If rising prices don't get us, then deflation is certain to
I'm not sure if there is a collective noun for a group of economists. Given the reputation of economics as the dismal science, perhaps it should be a lamentation of economists.
But a lamentation sounds too harmonious. It fails to capture the way economists never fail to disagree with each other, even on the most trivial points. So perhaps the right term for a group of them should be a contradiction.
We've seen a good example of this tendency of economic analysts always to be at odds with each other over the last week or so. While half of them are busy warning us about the dangers of runaway price rises, the rest are worrying about - you guessed it - the threat of deflation.
Let's look at inflation first. In recent weeks analysts have been spooked by a sharp rise in the prices of basic foods.
The main factor pushing up prices higher is the severe drought affecting the Midwest of the United States, breadbasket to much of the world.
With farmers warning that the lack of rainfall will seriously damage their most important crops, prices have shot up. As the first chart shows, the prices of wheat and soya bean contracts traded on the Chicago Board of Trade have soared since the beginning of June. The price of corn, or maize as the crop is known across much of the world, has leaped by 61 per cent.
Such big increases will inevitably have a knock-on effect. Increased demand as people shift to less expensive foods is already pushing up rice prices. And with American maize used widely as animal feed, the price of fresh meat is likely to increase sharply over the coming months.
The problem isn't confined to the United States. The Russian government has just downgraded its wheat crop forecasts. Brazil's soya bean crop was damaged by a drought earlier this year. And the failure of the usual monsoon rainfall has pushed up grain prices in India over recent weeks.
As a result, the United Nations' Food and Agriculture Organisation said yesterday that its global food price index rose 6 per cent in July from June's level. Grain prices were up 17 per cent. Annualised, that equates to a 558 per cent increase.
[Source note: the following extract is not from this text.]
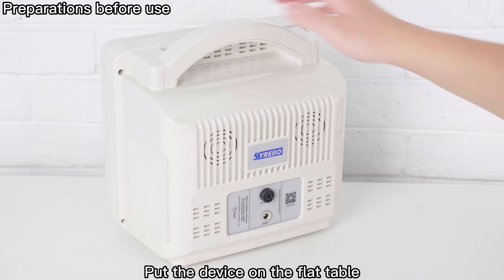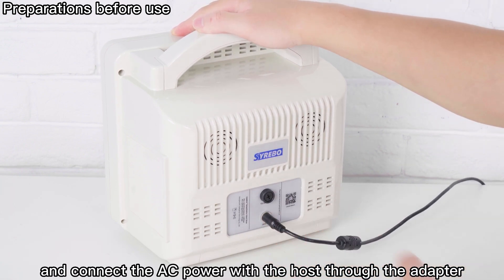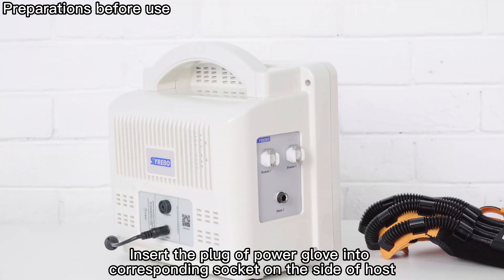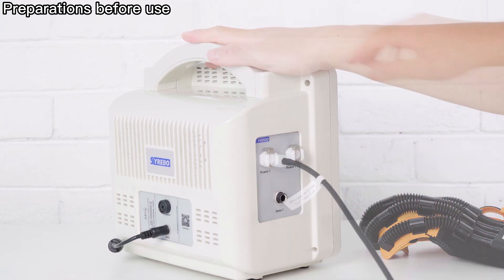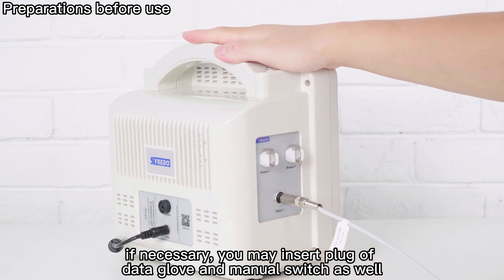Put the device on a flat table and connect the AC power to the host through the adapter. Then you can see the power indicator on the host is on. Insert the plug of the Power Glove into the corresponding socket on the side of the host. If necessary, you may insert the plug of the Data Glove and Manual Switch as well.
No wonder some economists are worried. Last week economists at Spanish bank BBVA said the supply shock was flashing a 'red light for food inflation', while analysts at Bank of America warned that rising food prices threatened China with stagflation: the unholy combination of stagnant growth with rising inflation.
Not everyone shares their concern. Many economists believe the biggest danger is not rising prices but the risk of entrenched global deflation.
Policymakers fear inflation because it wipes out the value of people's savings, while rising food prices can bring angry crowds out onto the streets.
But they are just as scared of deflation, which crushes demand while increasing the real size of debts.
As a result, economists are looking nervously at China, which yesterday announced that the consumer inflation rate dropped to 1.8 per cent last month, down from 6.5 per cent a year earlier.
Even more ominous, the rate of producer price inflation slumped to minus 2.9 per cent, from 7.5 per cent 12 months before.
With China's growth rapidly losing momentum and with the economy plagued by surplus capacity following the investment binge of 2009 and 2010, economists at both Credit Suisse and independent consultancy Lombard Street Research are warning that the country is sliding into a deflationary morass.
Worse, Beijing's attempts to stimulate growth by stepping up investment will only exacerbate the problem, adding to overcapacity and increasing the chances of a debt crisis down the road.
Many analysts believe that most of the rest of the world's major economies are already there. With both Europe and the United States trying to deleverage by paying down debt, demand in developed countries is weak.
As a result, inflation is falling in both the US and the euro zone. The danger now is that further efforts to reduce debt levels will push both of them into deflation. That will add to the real magnitude of their debt burdens, trapping both economies in a downward spiral of falling prices, rising debts and deepening recession.
Of course, it could just turn out that the risk of inflation cancels out the danger of deflation.
But whatever happens, the one thing we can be sure of is that economists will continue to argue about it.